New York on Tuesday was facing a busy pre-Christmas shopping day with no subway or bus services after transit workers voted to go on strike, an action mayor Michael Bloomberg called ”illegal and morally reprehensible”.
”For their own selfish reasons, the TWU [Transport Workers’ Union] has decided that their demands are more important than the law, the city and the people they serve,” the billionaire mayor said on television early on Tuesday.
TWU leaders earlier rejected the latest contract offer by the Metropolitan Transportation Authority (MTA) and voted to go on strike, in open defiance of a state law banning strikes by public workers.
Bloomberg said he will request a judge to take appropriate action.
”We will seek to show that the TWU is in contempt … and ask the court to impose severe fines on the union and its members.”
The mayor said TWU leader Rober Toussaint, who earlier announced the decision to strike, ”and the TWU have taken the illegal and morally reprehensible action of ordering a citywide strike of our mass transit system”.
Negotiations between the 33 700-strong TWU and the MTA reached breaking point on several occasions, but a Friday deadline for a strike was pushed back to Monday, as both sides wanted to avert a strike some officials say could cost the city $400-million a day.
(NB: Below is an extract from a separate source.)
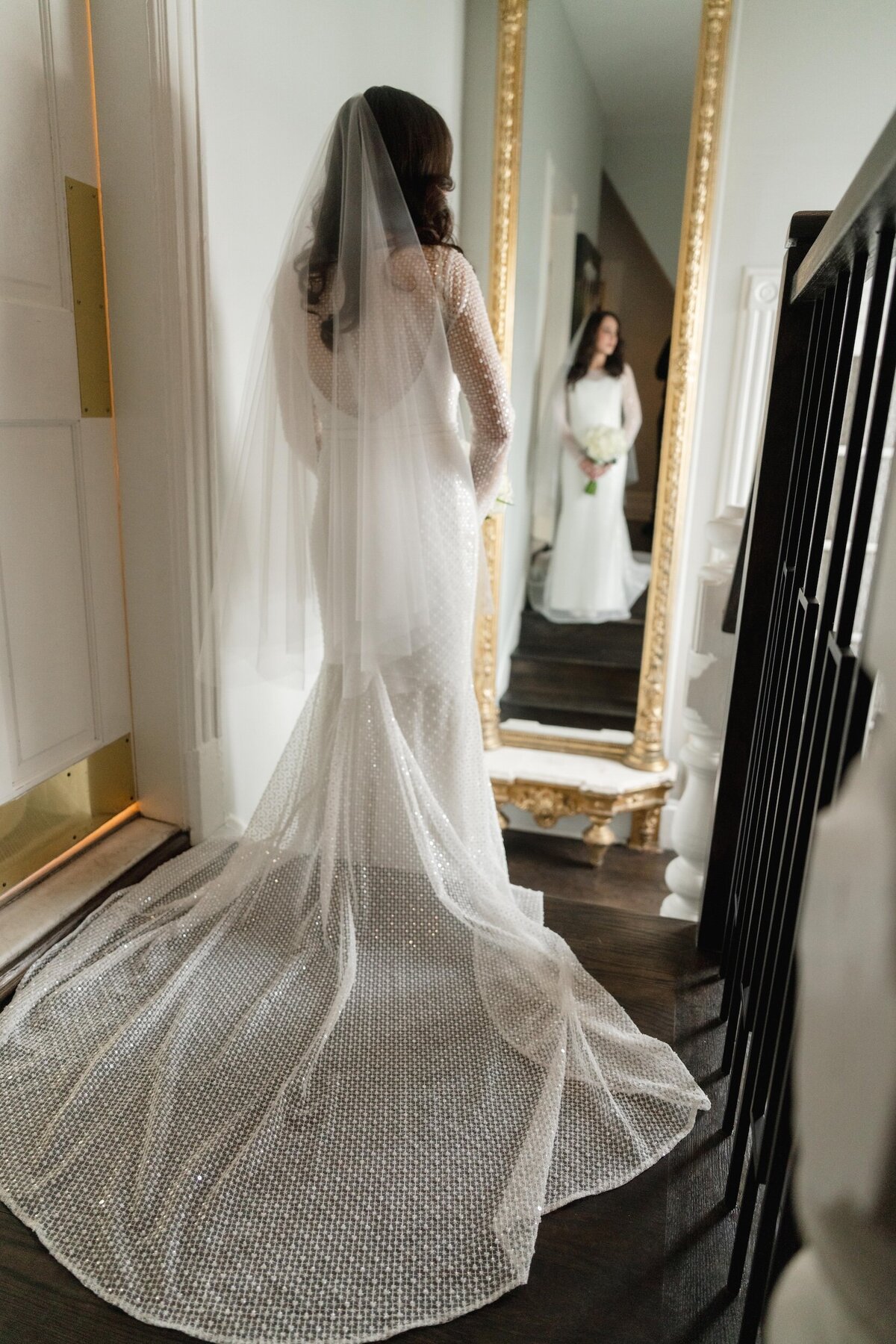 bride-wedding-day-portrait(1)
The talks on pay, pensions and health insurance face a major hurdle in the MTA’s insistence that the retirement age be increased to 62 years from the current 55.
More than seven million residents of this sprawling city will have to find alternate means of transportation, as special measures will go into effect under a state of emergency declared last week by Bloomberg in the event of the city’s first transit strike in 25 years.
To avoid massive traffic jams, only cars with four or more occupants will be allowed to enter certain areas of Manhattan between 5am and 11am.
And in the evening rush hour, all lanes of bridges and tunnels will be open exclusively to vehicles leaving Manhattan. Taxis will be permitted to pick up more than one passenger at a time.
”Rush hour will begin in a few hours,” Bloomberg told New Yorkers on a cold Tuesday morning.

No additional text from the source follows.